La tecnica
narrativa in Senilità
G. BALDI, ecc., Dal testo alla storia, dalla storia al testo, vol. III**
Paravia, 1994, pp. 279-281; pp. 296-298.
La narrazione
è in terza persona, ma il romanzo è focalizzato sul protagonista, i fatti sono
filtrati sistematicamente attraverso la sua coscienza. Ma poiché costui è
portatore di una falsa coscienza (e il suo punto di vista è
inattendibile), il narratore esterno interviene più volte, anche con modi
provocatori, per correggerlo, smentirlo, smascherarlo.
Abbiamo quindi
due prospettive: quella di Emilio, che mente a se stesso, e quella del
narratore, che denuncia la menzogna. A volte lo dice apertamente (egli mentiva...), a volte lo
smascheramento è affidato all’ironia, a un semplice aggettivo od
avverbio rivelatore (In passato egli
aveva vagheggiato delle idee socialiste, naturalmente senza mai muovere dito
per attuarle: quel naturalmente
denuncia l’inettitudine di Emilio). Un altro procedimento usato è quello di
riportare, senza commenti, il pensiero di Emilio (ad esempio, attraverso il
discorso indiretto libero), lasciando che sia lo stridente contrasto con la
realtà oggettiva a svelarne la ridicola inadeguatezza (In compenso dell’amore che ne riceveva, egli non poteva darle che una
cosa soltanto: la conoscenza della vita, l’arte di approfittarne. Anche il suo
era un dono preziosissimo, perché con quella bellezza e quella grazia, diretta
da persona abile come era lui, avrebbe potuto essere vittoriosa nella lotta per
la vita: la convinzione di Emilio di essere abile ed esperto della vita, si scontra con l’immagine che già
abbiamo di lui, quella di un uomo, al contrario, timoroso della vita,
tutt’altro che vincente).
Questi
procedimenti sono in atto nelle pagine iniziali. Anzi, proprio nell’incipit, ci
scontriamo con due livelli di menzogna da parte del protagonista: uno consapevole
(dice di desiderare una relazione non compromettente per amore di lei; ma il
narratore ci avverte che, se fosse stato sincero, avrebbe detto: “per me non sarai che un giocattolo. Ho
altri doveri io, la mia carriera, la mia famiglia”) ed uno inconsapevole
(ma subito brutalmente svelato dal narratore, che ironizza sia sulla famiglia
sia sulla carriera, anche attraverso diminutivi sprezzanti: impieguccio, famigliuola, riputazioncella).

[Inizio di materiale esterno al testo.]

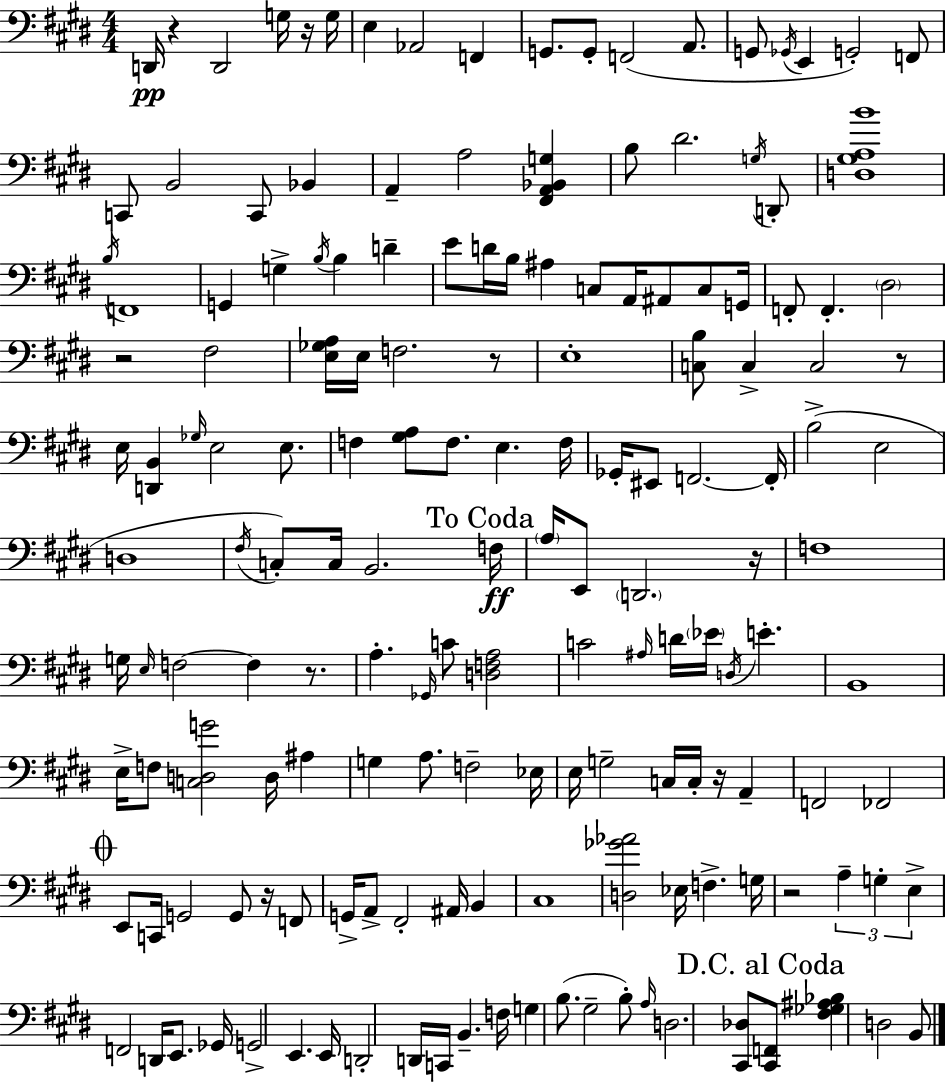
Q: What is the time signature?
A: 4/4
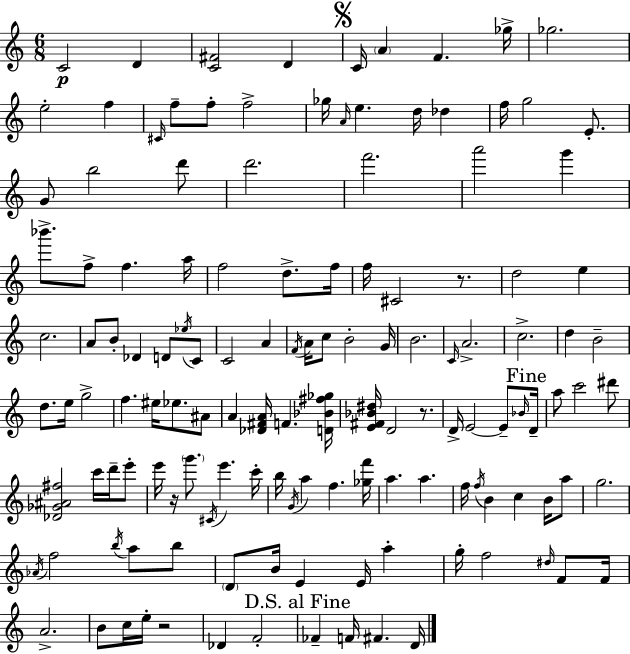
{
  \clef treble
  \numericTimeSignature
  \time 6/8
  \key a \minor
  c'2\p d'4 | <c' fis'>2 d'4 | \mark \markup { \musicglyph "scripts.segno" } c'16 \parenthesize a'4 f'4. ges''16-> | ges''2. | \break e''2-. f''4 | \grace { cis'16 } f''8-- f''8-. f''2-> | ges''16 \grace { a'16 } e''4. d''16 des''4 | f''16 g''2 e'8.-. | \break g'8 b''2 | d'''8 d'''2. | f'''2. | a'''2 g'''4 | \break bes'''8.-> f''8-> f''4. | a''16 f''2 d''8.-> | f''16 f''16 cis'2 r8. | d''2 e''4 | \break c''2. | a'8 b'8-. des'4 d'8 | \acciaccatura { ees''16 } c'8 c'2 a'4 | \acciaccatura { f'16 } a'16 c''8 b'2-. | \break g'16 b'2. | \grace { c'16 } a'2.-> | c''2.-> | d''4 b'2-- | \break d''8. e''16 g''2-> | f''4. eis''16 | ees''8. ais'8 a'4 <des' fis' a'>16 f'4. | <d' bes' fis'' ges''>16 <e' fis' bes' dis''>16 d'2 | \break r8. d'16-> e'2~~ | e'8-- \grace { bes'16 } \mark "Fine" d'16-- a''8 c'''2 | dis'''8 <des' ges' ais' fis''>2 | c'''16 d'''16-- e'''8-. e'''16 r16 \parenthesize g'''8. \acciaccatura { cis'16 } | \break e'''4. c'''16-. b''16 \acciaccatura { g'16 } a''4 | f''4. <ges'' f'''>16 a''4. | a''4. f''16 \acciaccatura { f''16 } b'4 | c''4 b'16 a''8 g''2. | \break \acciaccatura { aes'16 } f''2 | \acciaccatura { b''16 } a''8 b''8 \parenthesize d'8 | b'16 e'4 e'16 a''4-. g''16-. | f''2 \grace { dis''16 } f'8 f'16 | \break a'2.-> | b'8 c''16 e''16-. r2 | des'4 f'2-. | \mark "D.S. al Fine" fes'4-- f'16 fis'4. d'16 | \break \bar "|."
}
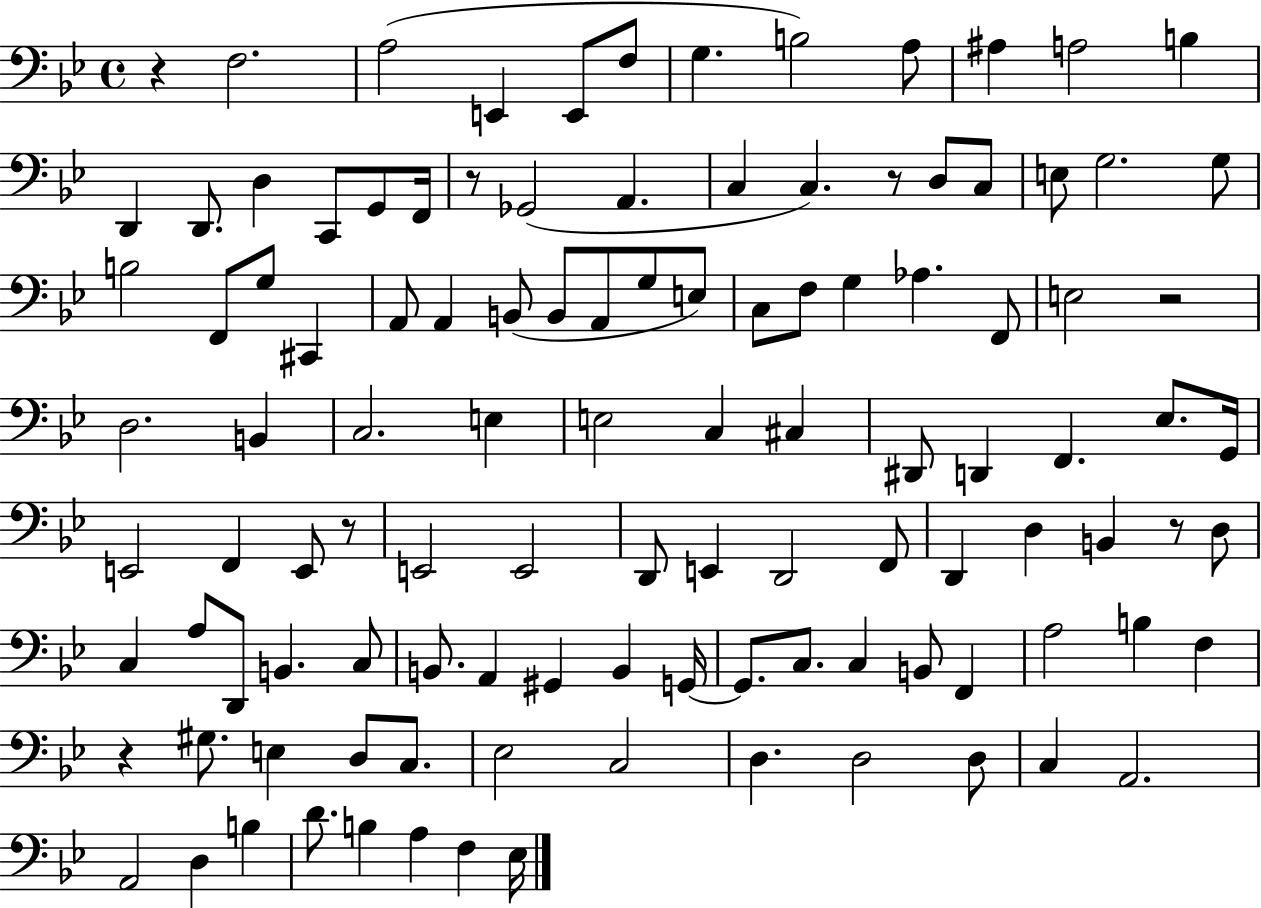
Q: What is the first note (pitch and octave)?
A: F3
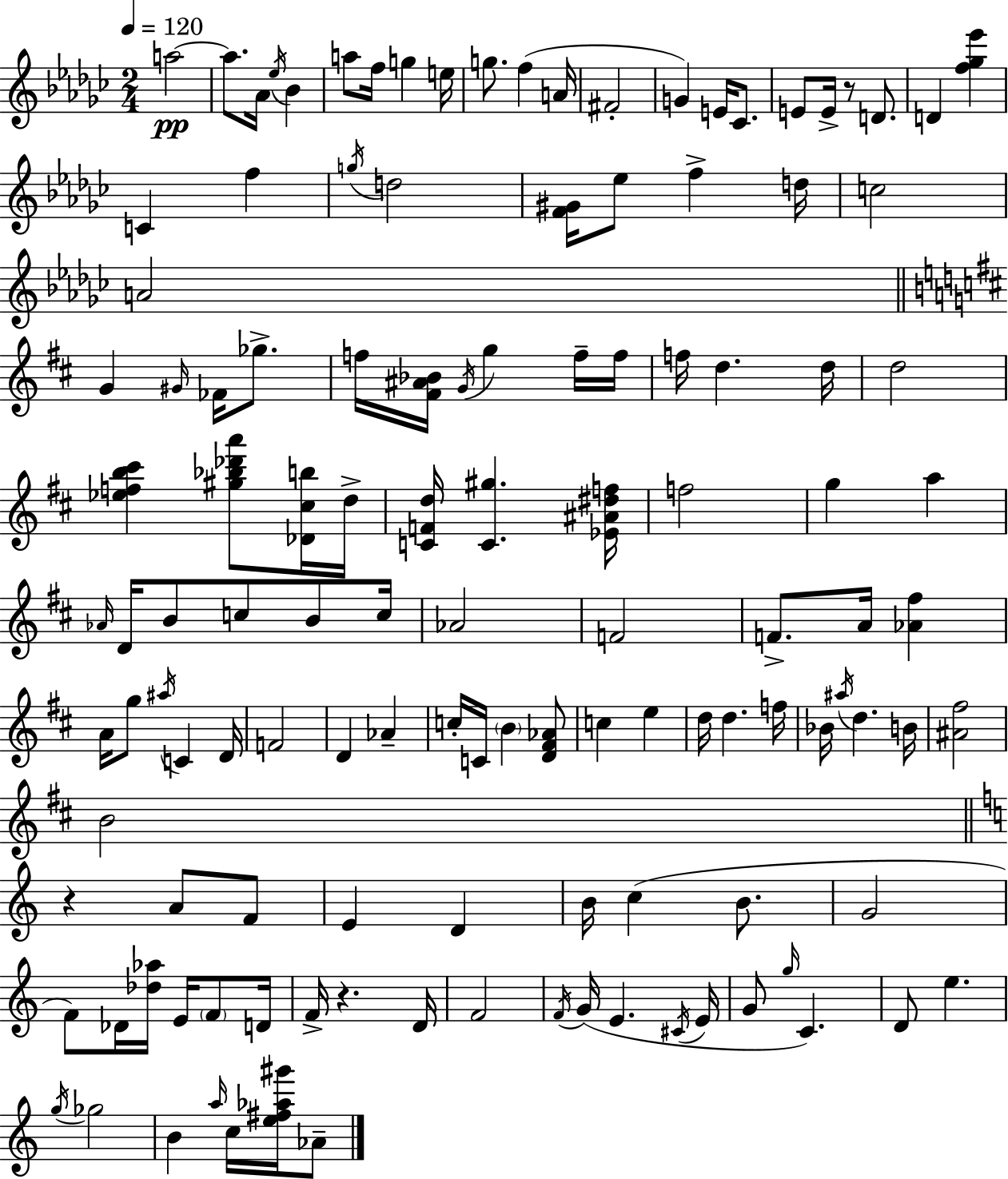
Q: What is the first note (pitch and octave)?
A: A5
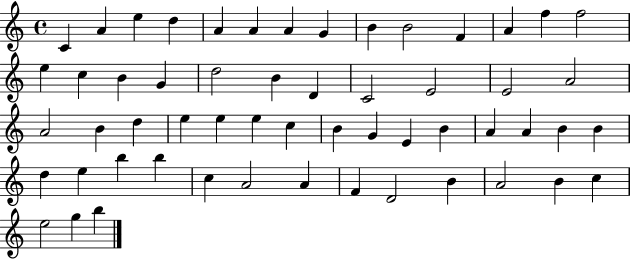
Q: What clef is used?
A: treble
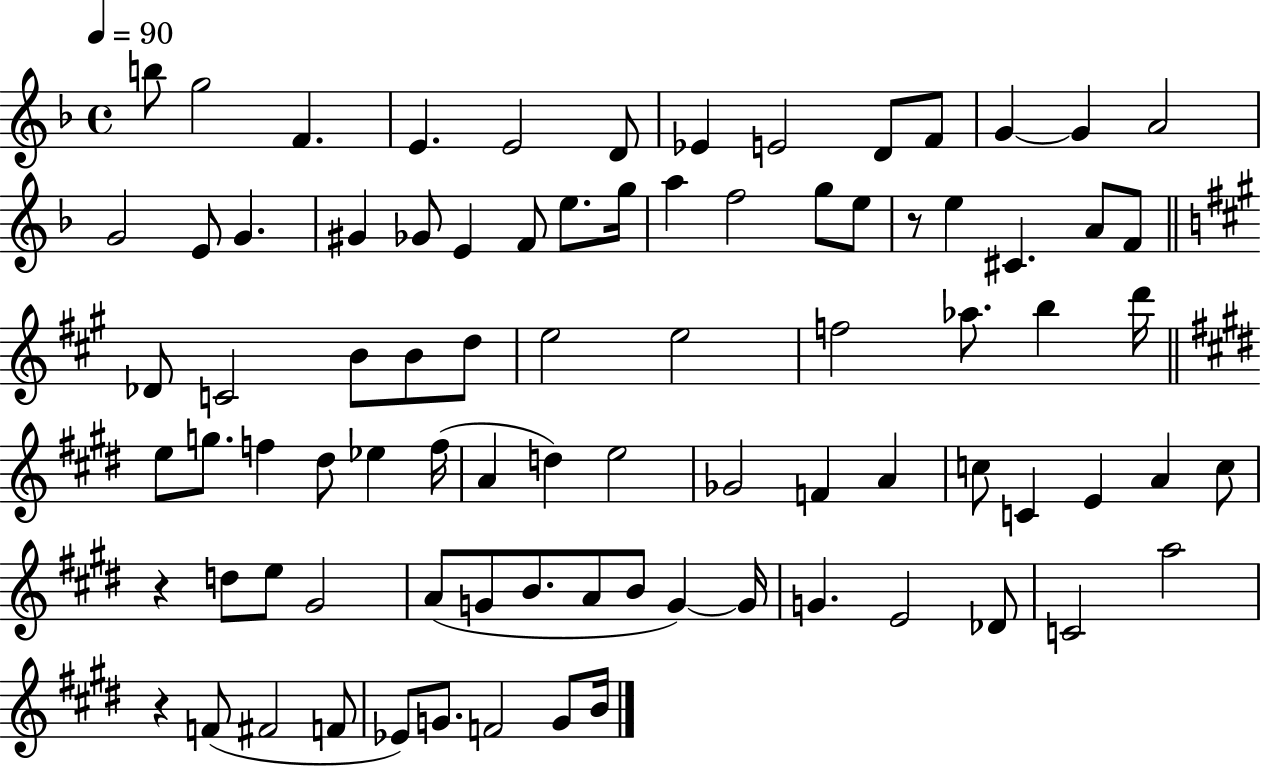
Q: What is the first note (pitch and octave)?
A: B5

Successivamente, nella rappresentazione di Angiolina, riconosciamo ancora il
punto di vista deformante di Emilio (come discorso indiretto libero); idealizza
secondo schemi letterari la figura della donna (il volto illuminato dalla vita..., tanto oro..., raggiante di gioventù
e bellezza..., quel profilo sorprendentemente puro..., ecc.), che certo non
corrisponde a quella idealizzazione, come si preoccupa di farci capire il
narratore (non solo con un giudizio secco - ai
retori corruzione e salute sembrano inconciliabili - ma anche lasciandoci
intravedere nell’occasione dell’incontro - l’ombrellino caduto ed impigliatosi
nel suo vestito - la malizia della donna navigata).